HUNTING DOWN THE DRUG RUNNERS
| Aboard the USCG cutter Diligence in the Gulf of Mexico
At 01:29 hours on Dec. 13, the Diligence takes up ''covert surveillance'' of what amounts to no more than a blip on a radar screen. That blip is the American Hope, a 73-foot fishing boat from Aransas Pass, Texas, cruising in international waters between Cuba and Mexico.
The fishing vessel's course fits the classic profile of drug runners from Colombia to the United States. They avoid Mexican authorities by moving just outside that nation's claimed territory, and just within the 15-mile zone the Coast Guard maintains. Their speed may be slightly faster than numerous commercial fishing boats, and eventually they must head northeast to cross the Gulf of Mexico.

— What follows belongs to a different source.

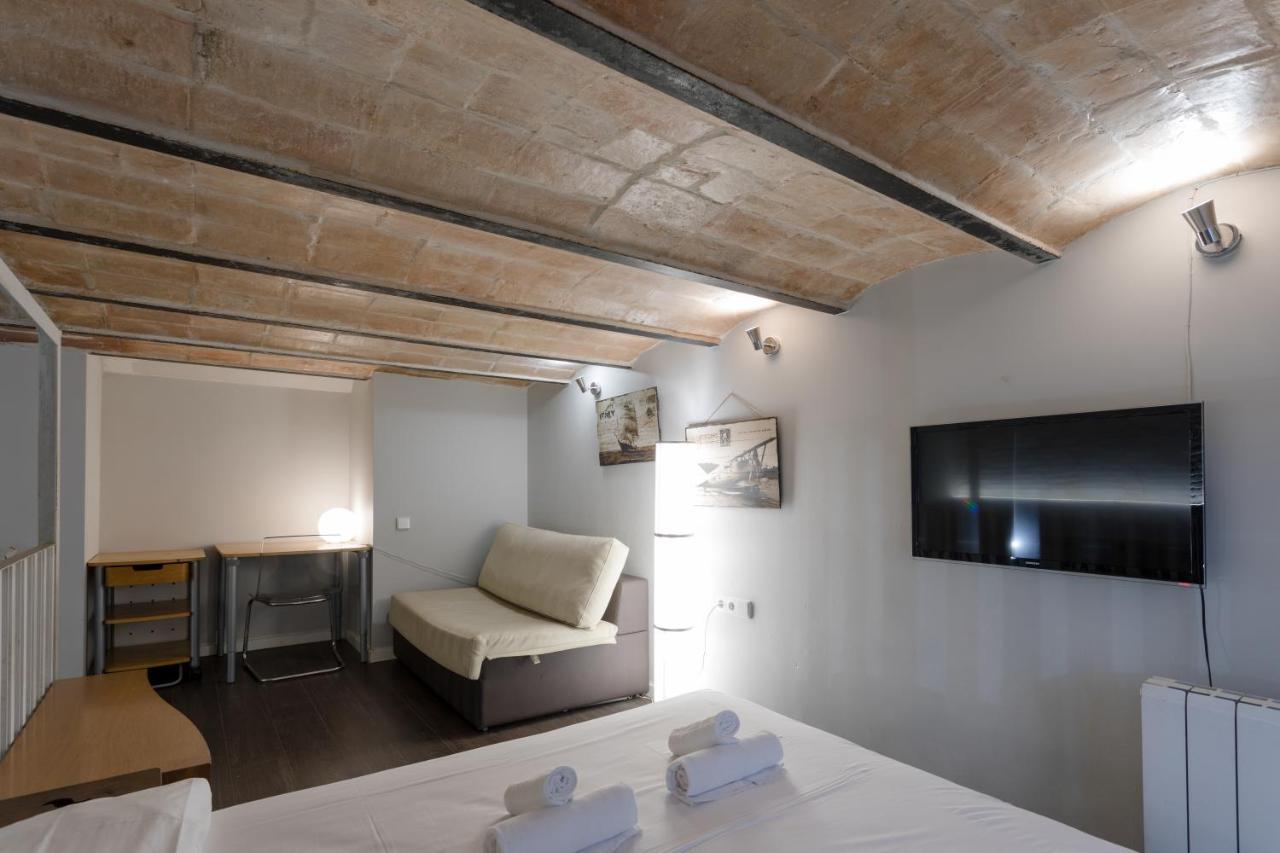 Bbarcelona Poblenou Beach Flats Exteriér fotografie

Just over the horizon, and out of the smaller craft's radar range, the Diligence follows and waits for a chance to slip between the ''druggie'' and the safe zone.

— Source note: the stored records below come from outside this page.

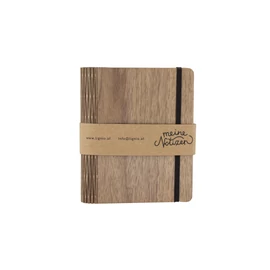 A6 Nuss "Ohne Motiv"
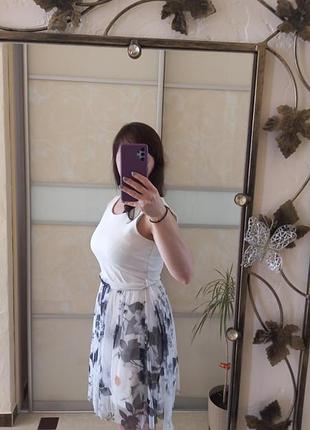 Платье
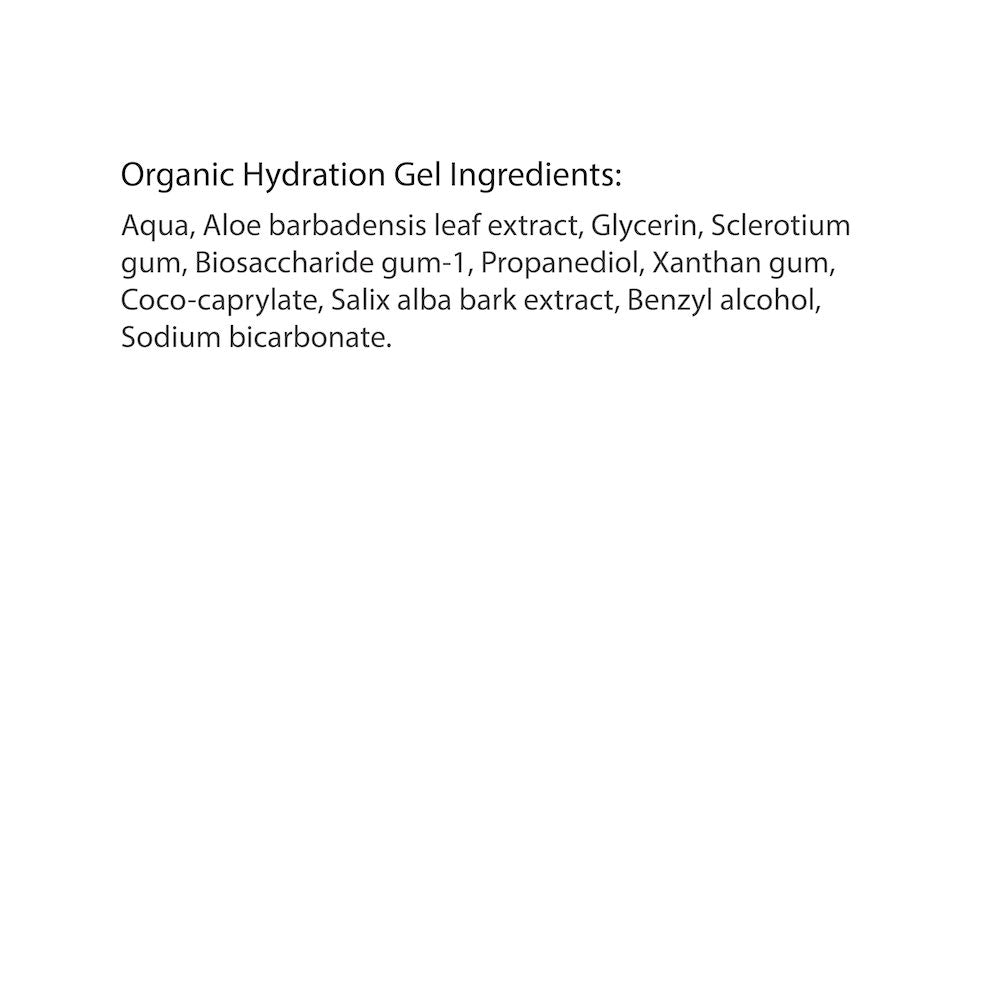 Organic Hydration Gel - Highborn London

Only after daybreak does the runner make the telltale course change. After the vessel reaches more than six miles beyond the buffer, the 210-foot cutter gives chase, pulling alongside at 11:46. At 11:49, with its captain, Comdr. J.G. Schmidtman, in direct command on the bridge, the Diligence orders the American Hope to ''heave to.''
Outrun and helpless at close range, the vessel offers no resistance. In the cutter's launch, a heavily armed Coast Guard boarding party circles the fishing boat once, orders the crewmen to the stern, and demands that they put their hands on the railing.

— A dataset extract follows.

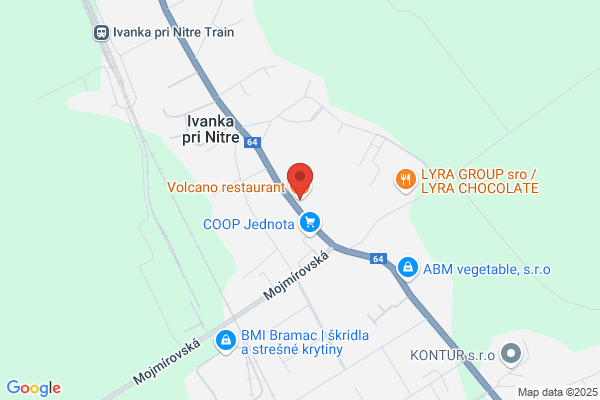 Volcano Restaurant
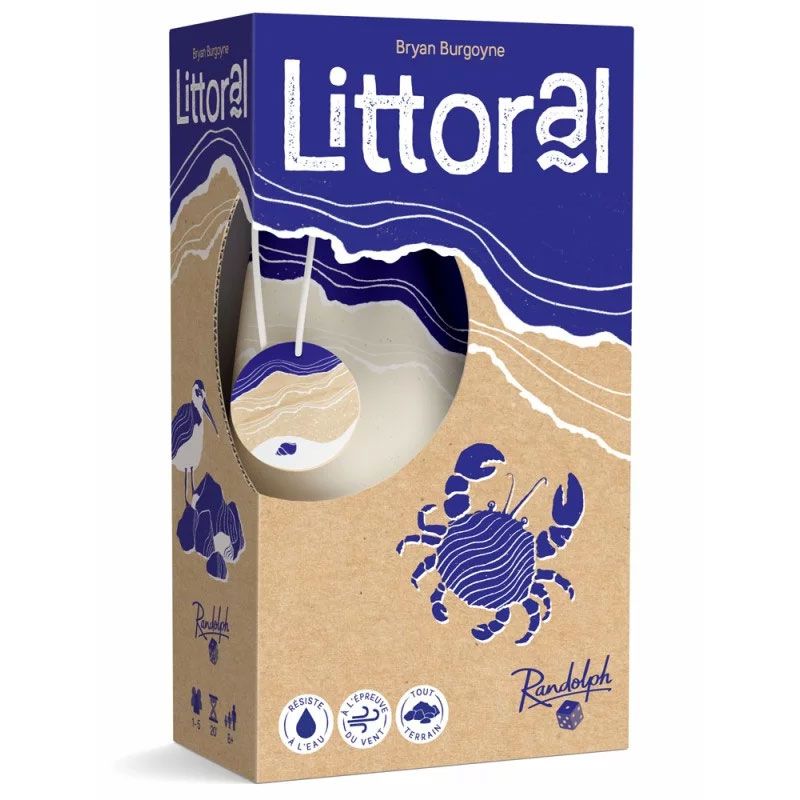 Jeu Littoral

One of the fishing boat's crew points to the aft hold and says, ''What you are looking for is in there.''
But the Coast Guardsmen ignore him. They must follow a strict procedure, and they play the script to the letter. No search, as such, may be carried out. They are legally on board to conduct an administrative inspection of safety gear and documentation. They can also make a ''security sweep'' to guard against being surprised by anyone who may have concealed his presence.
Thus, 12 minutes elapse before word is radioed back that a ''green leafy substance'' is being tested for ''THC,'' the active ingredient in marijuana. The holds are piled high with 20 tons of the drug, with a street value of at least $ 12 million. Its odor is noticeable even on deck. At 12:25 the crewmen are arrested, read their rights, and searched.
More marijuana was seized by federal agents in the first nine months of 1982 than in all of 1981. Seizures of other drugs, including cocaine and heroin, was greater in 1982 than in 1981.
But no more than 10 percent of the drugs smuggled into the US is seized by law-enforcement officials, federal drug agents and others estimate. Even stepped-up federal drug enforcement efforts in south Florida and in southern coastal waters have had only limited effect.
And use of marijuana, heroin, and cocaine appears to be growing, according to data from the National Institute on Drug Abuse.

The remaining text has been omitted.